How Much Can You Save by Using Compact Fluorescent Light Bulbs?
For most people, switching from incandescent to compact fluorescent bulbs offers a lot of opportunity for energy and cost savings. Lighting accounts for 20 percent of the electric bill in the average U.S. home, and the average home has approximately 30 light fixtures. (Calculate your personal energy and cost savings with this handy online calculator, and find out how much you will be helping the environment.)
To save the most energy and money by using compact fluorescent light bulbs, the U.S. Environmental Protection Agency recommends replacing standard bulbs in areas where lights are used frequently and left on for a long time, such as family rooms, living rooms, kitchens, dining rooms, and porches.
Choosing the Right Compact Fluorescent Light Bulbs
To make sure you get the same amount of light when replacing standard bulbs with compact fluorescent light bulbs, check the lumen rating on the light you are replacing and purchase a compact fluorescent light bulb with the same lumen rating. (A lumen rating is the measure of light the bulb puts out.)
Wattage varies greatly between standard light bulbs and compact fluorescent light bulbs. Compact fluorescent light bulbs typically use about one-quarter of the wattage used by standard bulbs to produce the same amount of light. So to replace a traditional 60-watt bulb, look for a compact fluorescent light bulb that is about 15 watts.
Compact fluorescent light bulbs are available in many different sizes and shapes to fit in almost any fixture—from three-way lamps to dimmer switches—for both indoor and outdoor use.
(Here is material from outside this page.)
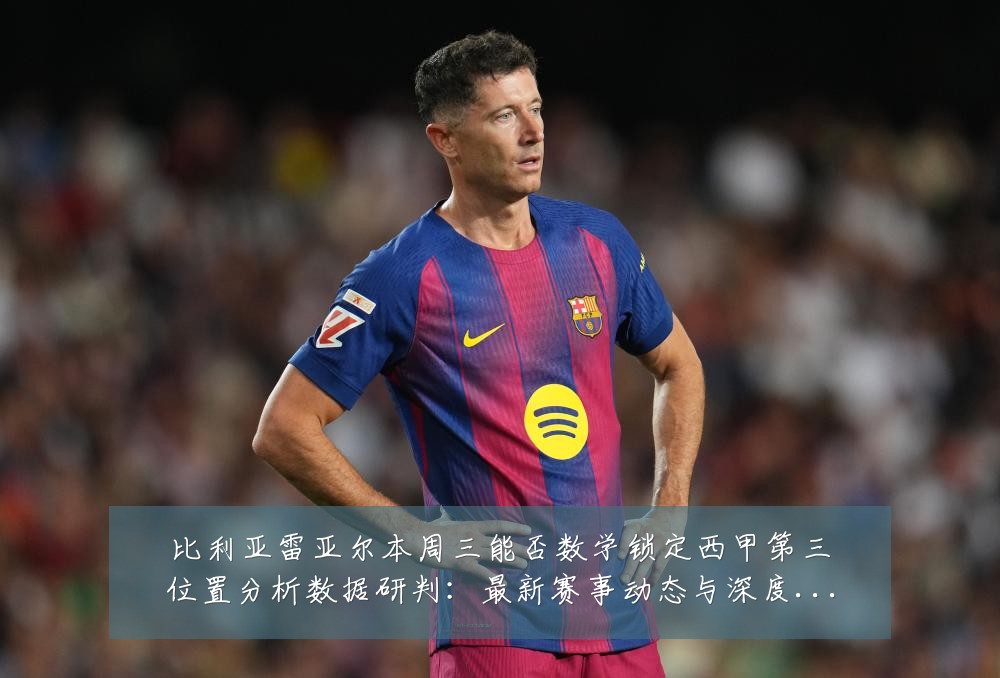 比利亚雷亚尔本周三能否数学锁定西甲第三位置分析数据研判：最新赛事动态与深度分析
Compact fluorescent light bulbs also come in a variety of color temperatures, which helps determine the color and brightness of the light each bulb provides. (Learn more about the brightness, color and light quality of compact fluorescent light bulbs.)
Keeping It Simple
None of this is as daunting as it may seem. But to make it really simple, the environmental group Environmental Defense has put together an easy-to-use web site that lets you search for the compact fluorescent light bulbs according to where you want to use them or by shape, brightness, color of light or other features.
The site also features user reviews of specific bulbs, and side-by-side photos of energy-saving compact fluorescent light bulbs with incandescent bulbs to help you determine whether the fluorescent bulbs will fit your light fixture.
With all of the choices now offered by compact fluorescent technology, saving energy, saving money, and protecting the environment is as easy as changing a light bulb.